Visivelmente barato em relação aos blockbusters do gênero — estima-se que não custou mais do que U$S 80 milhões —, Madame Teia se arrasta para preencher 1h54min de duração. A narrativa é lenta e, nos poucos momentos de ação, a diretora até que tenta dar um dinamismo maior, fazendo movimentos de câmera mais elaborados, girando-a em 360°, mas tal esforço é para maquiar momentos vazios e sem qualquer emoção. Por sinal, não existe nenhum sentimento envolvendo o filme, a não ser a vergonha alheia — é de se contorcer na poltrona e torcer para acabar logo, principalmente nos minutos finais.

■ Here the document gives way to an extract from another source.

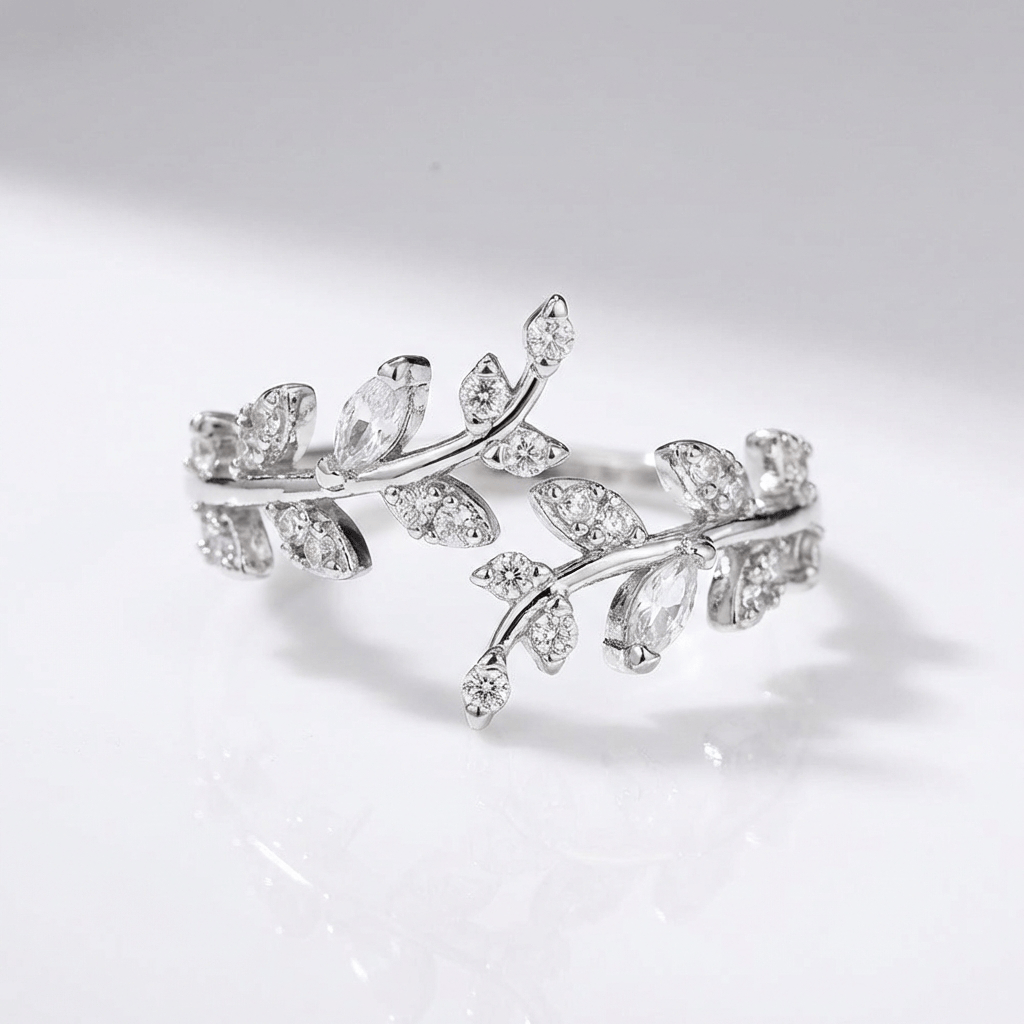 CRYSTAL LEAF VINE SILVER RING - (ADJUSTABLE)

Um dos motivos de tamanho desconforto são os diálogos, recheados de frases de efeito e nada naturais. Os artistas envolvidos, todos com carreiras consolidadas — ou se consolidando — por conta de seu talento, são subaproveitados e inseridos em uma história que não precisava ser contada. O estrago foi tanto que Dakota Johnson, após se dar conta da cilada em que havia se metido, trocou de agência de talentos: ela achava que ia fazer parte do MCU, mas acabou ficando relegada à piada que é o Sonyverso. E, além dos dois Venom, Morbius e, agora, Madame Teia já lançados de 2018 para cá, 2024 ainda terá Kraven: O Caçador e Venom 3.
Fica evidente que, mesmo errando com intensidade em todas as suas apostas, o universo cinematográfico da Sony segue devolvendo para o estúdio conteúdos cada vez mais fracos e que parecem ser feitos feitos para viralizar como piada. Resta torcer para que, tal qual a toxina que o péssimo vilão de Madame Teia solta em seus inimigos, este formato cruel de fazer dinheiro vá ficando doente e acabe morrendo. Até lá, o público assiste a esta franquia agonizando.